A fluorescence immunochromatographic assay for rapid and sensitive detection of human prealbumin in serum

Abstract

Protein-energy malnutrition is a significant problem among hospitalized patients. Prealbumin, a plasma protein, is commonly used in clinical practice to assess nutritional status. Prealbumin is also a powerful predictor of mortality risk in dialysis patients. Variation in prealbumin concentration provides valuable information regarding malnutrition and diagnostic applications. Fluorescent microspheres, which combine with anti-human prealbumin monoclonal antibodies, were introduced into an immunochromatographic assay for quantitative detection of human prealbumin in serum.
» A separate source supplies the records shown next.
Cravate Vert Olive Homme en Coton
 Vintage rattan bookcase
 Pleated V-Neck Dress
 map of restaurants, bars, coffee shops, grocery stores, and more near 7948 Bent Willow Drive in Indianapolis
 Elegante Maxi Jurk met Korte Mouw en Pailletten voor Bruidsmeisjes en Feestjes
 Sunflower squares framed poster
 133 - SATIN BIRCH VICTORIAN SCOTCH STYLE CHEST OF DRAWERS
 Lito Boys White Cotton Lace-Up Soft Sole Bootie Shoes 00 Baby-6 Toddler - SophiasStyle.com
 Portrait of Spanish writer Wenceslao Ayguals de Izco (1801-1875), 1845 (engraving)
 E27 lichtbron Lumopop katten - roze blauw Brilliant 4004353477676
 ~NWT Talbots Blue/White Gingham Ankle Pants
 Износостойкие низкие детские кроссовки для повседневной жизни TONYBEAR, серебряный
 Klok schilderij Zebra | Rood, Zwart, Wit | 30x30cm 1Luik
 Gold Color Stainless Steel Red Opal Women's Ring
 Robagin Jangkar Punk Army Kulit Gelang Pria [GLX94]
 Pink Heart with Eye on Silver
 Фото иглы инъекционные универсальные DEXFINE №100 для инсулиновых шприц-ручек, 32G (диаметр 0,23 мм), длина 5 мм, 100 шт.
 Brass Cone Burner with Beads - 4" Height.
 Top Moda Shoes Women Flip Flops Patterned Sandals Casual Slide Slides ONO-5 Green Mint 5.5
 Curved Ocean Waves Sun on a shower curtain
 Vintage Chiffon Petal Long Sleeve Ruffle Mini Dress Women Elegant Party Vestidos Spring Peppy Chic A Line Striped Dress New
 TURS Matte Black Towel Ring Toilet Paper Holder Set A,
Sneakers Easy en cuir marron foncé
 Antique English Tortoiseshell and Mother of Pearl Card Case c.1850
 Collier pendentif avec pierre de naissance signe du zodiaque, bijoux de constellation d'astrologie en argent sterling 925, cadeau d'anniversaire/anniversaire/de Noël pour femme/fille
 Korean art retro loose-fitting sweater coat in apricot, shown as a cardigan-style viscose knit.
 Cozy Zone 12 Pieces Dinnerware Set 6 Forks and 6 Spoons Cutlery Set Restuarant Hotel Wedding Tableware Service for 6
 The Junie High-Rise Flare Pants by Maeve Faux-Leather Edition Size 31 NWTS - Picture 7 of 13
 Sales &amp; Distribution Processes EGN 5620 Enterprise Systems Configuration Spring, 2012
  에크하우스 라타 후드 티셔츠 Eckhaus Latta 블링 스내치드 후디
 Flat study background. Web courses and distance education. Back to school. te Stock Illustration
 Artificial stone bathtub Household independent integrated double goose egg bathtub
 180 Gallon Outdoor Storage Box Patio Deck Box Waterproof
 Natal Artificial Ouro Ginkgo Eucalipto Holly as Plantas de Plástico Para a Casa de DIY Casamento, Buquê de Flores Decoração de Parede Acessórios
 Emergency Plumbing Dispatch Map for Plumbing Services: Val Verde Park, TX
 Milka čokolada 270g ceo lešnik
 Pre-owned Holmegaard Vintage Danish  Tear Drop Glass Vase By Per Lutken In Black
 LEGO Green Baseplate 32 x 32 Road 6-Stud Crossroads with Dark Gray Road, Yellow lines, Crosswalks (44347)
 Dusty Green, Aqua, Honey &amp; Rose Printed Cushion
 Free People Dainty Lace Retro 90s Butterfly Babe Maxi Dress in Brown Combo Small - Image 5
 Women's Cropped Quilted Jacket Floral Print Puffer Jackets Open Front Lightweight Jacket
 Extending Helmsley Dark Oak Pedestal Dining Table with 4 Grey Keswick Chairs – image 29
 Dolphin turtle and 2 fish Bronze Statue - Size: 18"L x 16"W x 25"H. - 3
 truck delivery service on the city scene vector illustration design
A sandwich immunoassay was developed and the fluorescence intensity of the test line in the test strip was proportional to the prealbumin content in the specimens. The fluorescence intensities of the test and control lines were recorded using a commercial fluorescence strip reader. The results showed that the limit of detection of prealbumin reached 1.0 ng mL⁻¹ within 20 min with a good linear range of 8.0 ng mL⁻¹ to 110.0 ng mL⁻¹. Serum specimens can be diluted 5000 times to avoid matrix interference. The average intra- and inter-assay recoveries ranged from 95.7% to 102.8% and 95.3% to 105.6% respectively, with corresponding variation coefficients of 3.3% to 4.3% and 4.1% to 9.9%. The test strip showed no cross-reaction with hemoglobin and albumin. A significantly good agreement was observed between the test strip and immunoturbidimetric assay. The developed novel assay in this study is a sensitive, specific, reproducible, time-saving, inexpensive, and quantitative method for detection of human prealbumin in serum.